**Exercise aim**
Reproduce the listing below in full and exactly; no pictures belong in the copy.

**Exercise material**
Start of Block

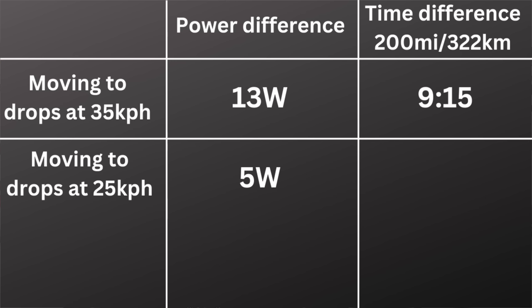Surely that 5-watt savings at 25 kilometers per hour is so insignificant that it's not worth worrying about, right? Well, you may be surprised to learn that over a 200-mile distance, that 5-watt savings would save you roughly 12 minutes and 10 seconds — which is actually more time saved than when riding at 35 kilometers per hour. How is an aero savings saving you more time at a slower speed? Well, the slower you go, the longer you're out on the course. The time savings I'm going to give you in this video not only apply if you ride slower, but will actually be greater if you ride slower.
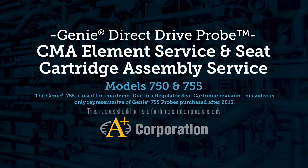This video will demonstrate how to change the complete membrane assembly or CMA and the regulator seat cartridge assembly in a Genie direct drive probe. In this video we're using a model number 755 because it has a membrane tip as well as an integrated pressure regulator.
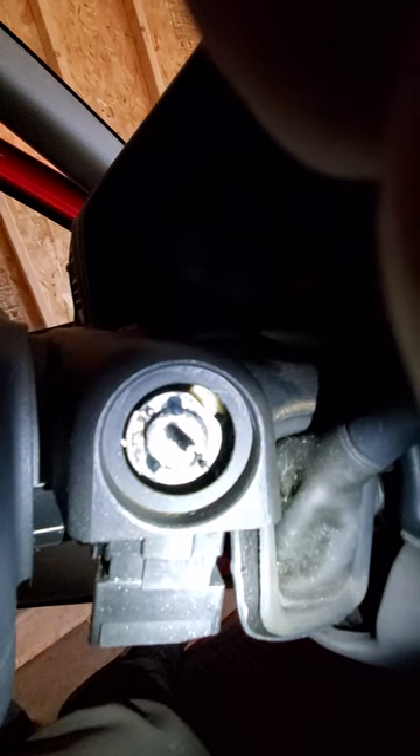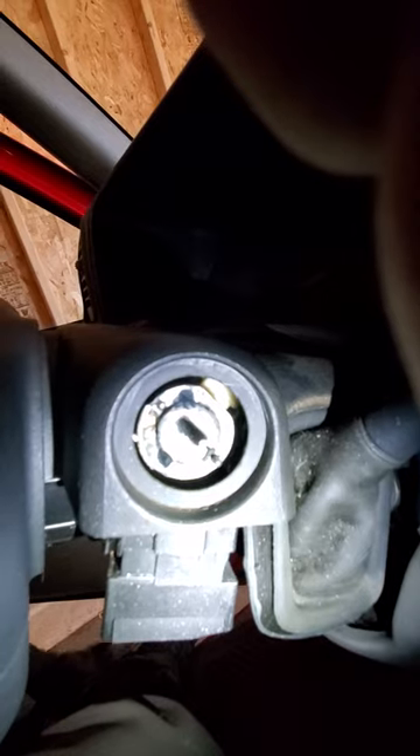They were kind of suspect, so not caring because this is not my daily driver, I took a 5/32 inch drill bit and just drilled them out from start to finish. Cleaned it up a little bit with the vacuum, and sure enough, it works. I got it to turn.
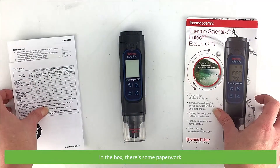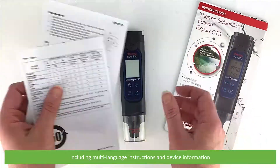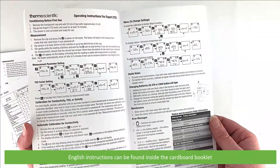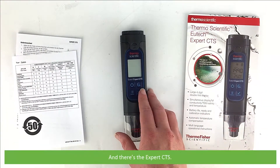In the box there's some paperwork including multi-language instructions and device information. The English instructions can be found inside the cardboard booklet, and there's the Expert CTS.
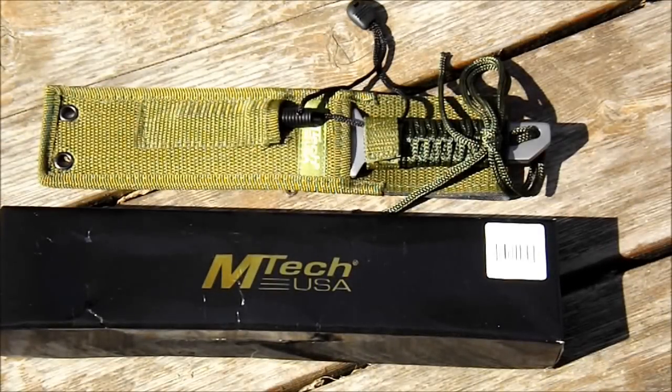What's going on everybody? Fast Action Blades here. I got this M-TEC USA knife that I borrowed from a friend. He has allowed me to remove the current wrap from the handle, which is the factory wrap, and replace it with a paracord wrap.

End of Block

**Answer to this exercise**
Surely that 5-watt savings at 25 kilometers per hour is so insignificant that it's not worth worrying about, right? Well, you may be surprised to learn that over a 200-mile distance, that 5-watt savings would save you roughly 12 minutes and 10 seconds — which is actually more time saved than when riding at 35 kilometers per hour. How is an aero savings saving you more time at a slower speed? Well, the slower you go, the longer you're out on the course. The time savings I'm going to give you in this video not only apply if you ride slower, but will actually be greater if you ride slower.
This video will demonstrate how to change the complete membrane assembly or CMA and the regulator seat cartridge assembly in a Genie direct drive probe. In this video we're using a model number 755 because it has a membrane tip as well as an integrated pressure regulator.
They were kind of suspect, so not caring because this is not my daily driver, I took a 5/32 inch drill bit and just drilled them out from start to finish. Cleaned it up a little bit with the vacuum, and sure enough, it works. I got it to turn.
In the box there's some paperwork including multi-language instructions and device information. The English instructions can be found inside the cardboard booklet, and there's the Expert CTS.
What's going on everybody? Fast Action Blades here. I got this M-TEC USA knife that I borrowed from a friend. He has allowed me to remove the current wrap from the handle, which is the factory wrap, and replace it with a paracord wrap.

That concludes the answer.